● Exercise requirements
With pictures left out, retype exactly the lines from the one containing "kết quả Fulham" through the final line of the entries.

[Short text fragments from websites]
=-=-=-=-=

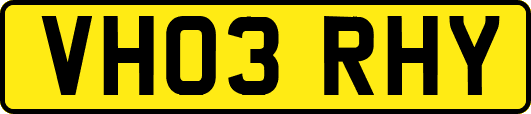 VH03RHY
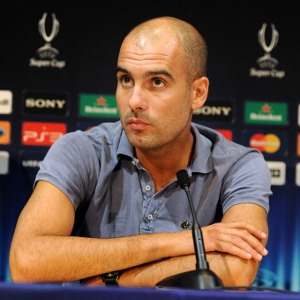 Guardiola springs to Wenger's defence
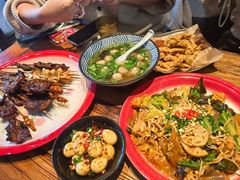 -北丐先生·野馄饨烧烤(长宁龙之梦店)
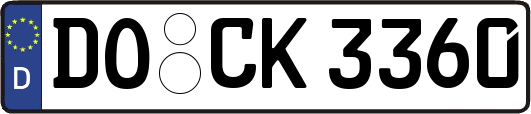 DO-CK3360
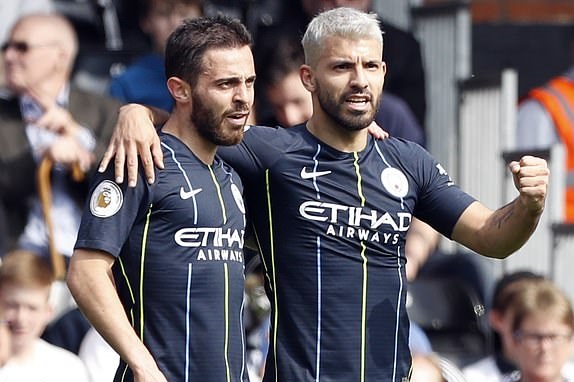 kết quả Fulham vs Man City, tỉ số Fulham vs Man City, video bàn thắng Fulham vs Man City, Fulham vs Man City, Fulham, Man City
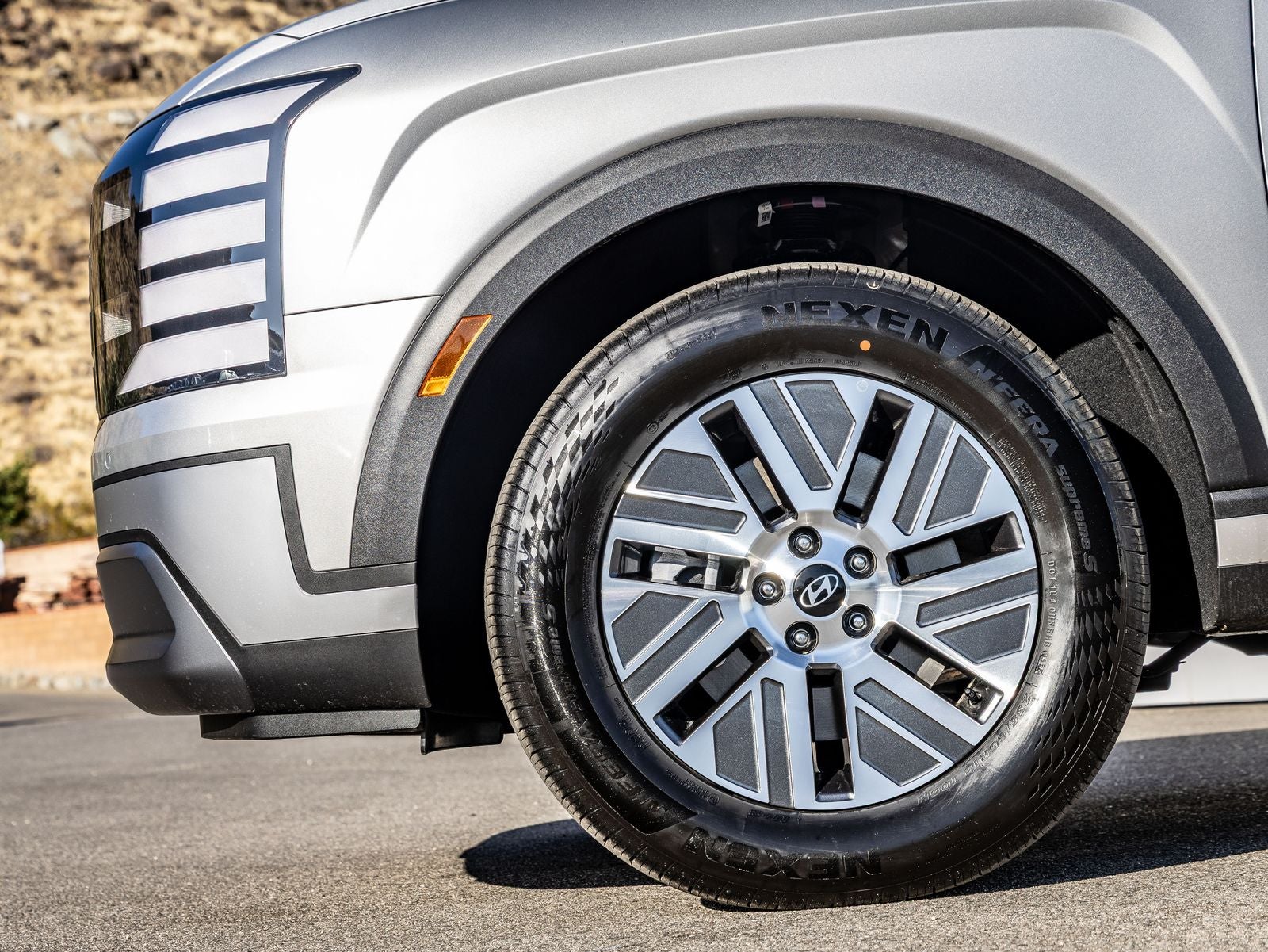 2026 Hyundai PALISADE HYBRID Blue SEL 8 Passenger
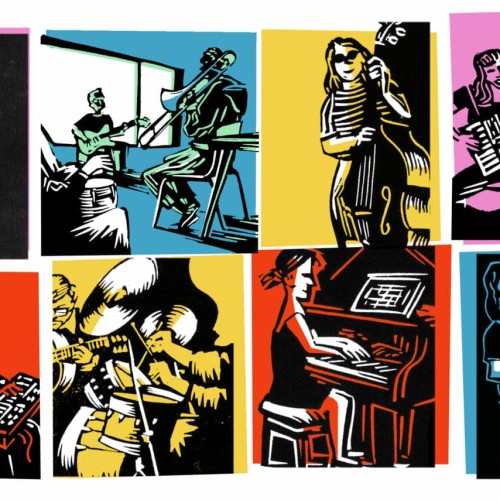 Stage Jazz au Vert 2026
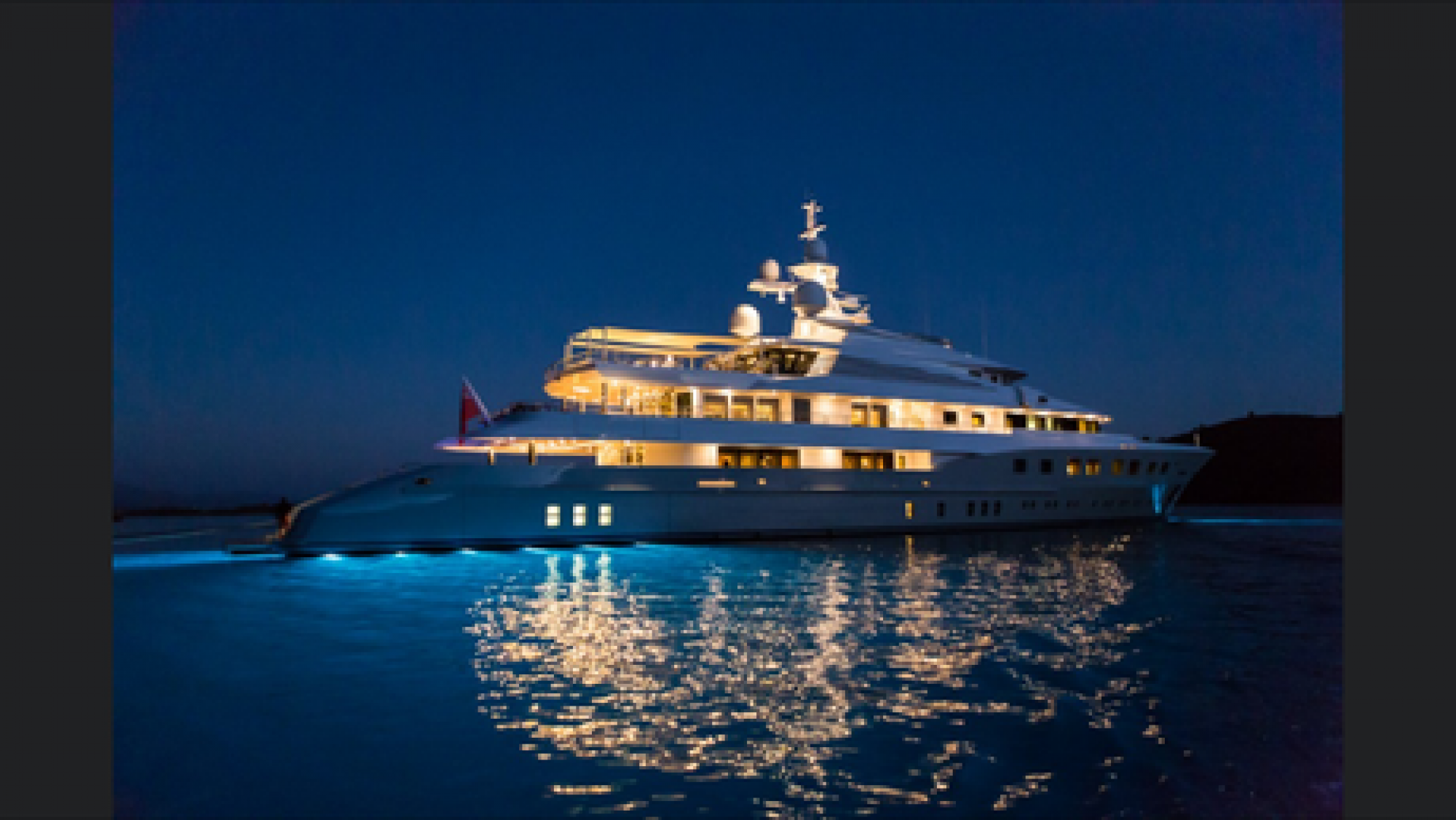 the superyacht training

=-=-=-=-=

● Reply
 kết quả Fulham vs Man City, tỉ số Fulham vs Man City, video bàn thắng Fulham vs Man City, Fulham vs Man City, Fulham, Man City
 2026 Hyundai PALISADE HYBRID Blue SEL 8 Passenger
 Stage Jazz au Vert 2026
 the superyacht training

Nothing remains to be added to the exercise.